Amy Lalonde and Chris Violette in Diary of the Dead (dir. George Romero, 2007).

For the first third or so of Diary of the Dead,, I was having a really hard time getting past Romero's determinedly low-budget mentality. I don't think we're talking entirely about an "aesthetic" here: the man is just plain not very sophisticated in about ninety percent of the ways one must be sophisticated in order to create a competent film. But then there's that other ten percent, which he owns.

Land of the Dead (2005) was a disappointment, in part because Romero's DIY ethic (that's what it is--an ethic rather than, or above and beyond, an aesthetic) got spludged up kerplunk against a slightly larger budget and some name actors (Dennis Hopper, John Leguizamo). Also, the story was overly ambitious: a dystopic future Road Warrior style city-fortress premise that couldn't sustain its would-be epic weight. In Diary, we go back to square one, when the dead first start coming back to life, and everything is seen through the lens of a camera in the hands of a group of student filmmakers (who are trying to shoot a mummy movie[!] when the catastrophe starts).

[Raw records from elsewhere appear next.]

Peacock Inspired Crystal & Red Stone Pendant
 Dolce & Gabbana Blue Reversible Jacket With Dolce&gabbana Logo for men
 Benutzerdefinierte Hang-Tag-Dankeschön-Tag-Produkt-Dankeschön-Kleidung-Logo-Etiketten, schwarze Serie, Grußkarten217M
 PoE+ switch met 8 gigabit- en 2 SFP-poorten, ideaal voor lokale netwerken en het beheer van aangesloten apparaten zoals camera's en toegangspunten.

The first hurdle is to accept that the film is not very scary. If you can live with that, it's fascinating to watch Romero fiddle with his topos like an equation he can't quite bring to solution, revisiting the old parts of the formula almost obsessively: the newscasts declaring that the dead have returned to life and are devouring the bodies of the living; the nightmarish encounters with undead family members; the bands of trigger-happy rednecks making sport out of the crisis, and so on. As commentary on national and global unrest, it's bald, blatant stuff, ground that has been more effectively covered countless times in the last few years by younger, fiercer filmmakers. In fact, all Romero really has going for him is a type of ramshackle soul, a faith in character (even in the absence of little things like believable dialogue), and a knack for isolated images of shocking eeriness--like the "human goldfish bowl."